Halbrook's is not the only voice being raised to correct recent misreporting. When the Wiesenthal Center's report came out in June, Switzerland's own Jewish community dismissed it as outrageous and ridden with errors. The Basel-based Jüdische Rundschau criticized its "exaggerations and falsifications," while the head of the Swiss Confederation of Hebrew Congregations found the report "one-sided and exaggerated." "The Swiss Nazis were weak in numbers," pointed out Zurich's Israelitisches Wochenblatt. "In the parliament in Bern they had exactly one seat for four years." Most embarrassingly, Simon Wiesenthal himself, the famed Nazi hunter after whom the center was named, disavowed the report as biased and inaccurate.

The book doesn't take up the controversy over wartime bank deposits, which deserves its own book (and column). And no one would deny that there are serious dark spots on the Swiss wartime record, including the actions of a wartime justice minister who tilted refugee-acceptance policy away from fleeing German Jews, and some defeatist pronouncements by the (fortunately, mostly ceremonial) Swiss federal president.

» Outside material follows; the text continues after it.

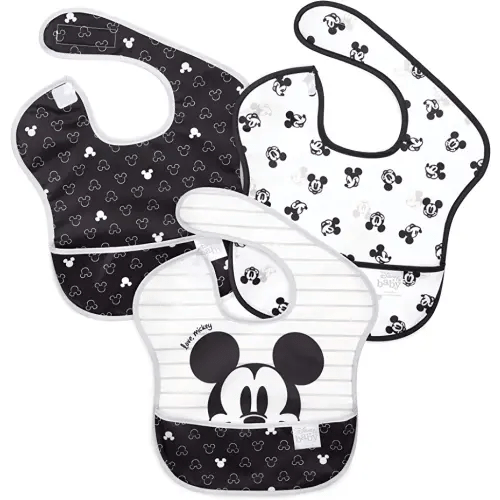 Bumkins Disney Bibs for Girl or Boy, SuperBib Baby and Toddler for 6-24 Months, Essential Must Have for Eating, Feeding, Baby Led Weaning, Mess Saving Waterproof Soft Fabric, 3-pk Mickey Mouse Icon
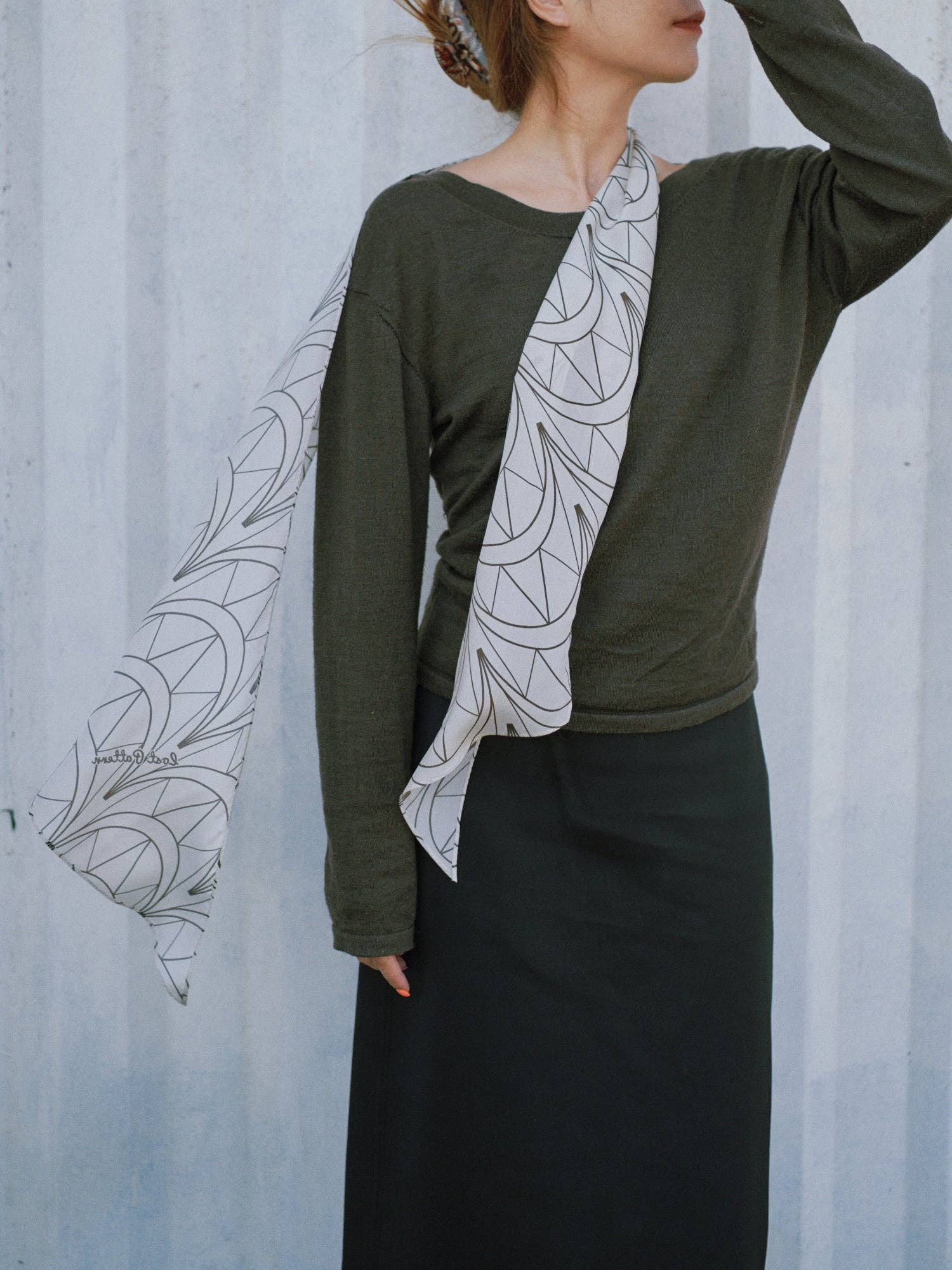 Lost Pattern NYC - "Chrysler" Silk Crepe Neck Scarf - Deco Ivory - The Look and Co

But the more balanced view remains Winston Churchill's. "I put this down for the record," wrote Churchill to Anthony Eden in a December 1944 memo reprinted in Triumph and Tragedy. "Of all the neutrals Switzerland has the greatest right to distinction….What does it matter whether she has been able to give us the commercial advantages we desire or has given too many to the Germans to keep herself alive? She has been a democratic State, standing for freedom in self-defense among her mountains, and in thought, in spite of race, largely on our side."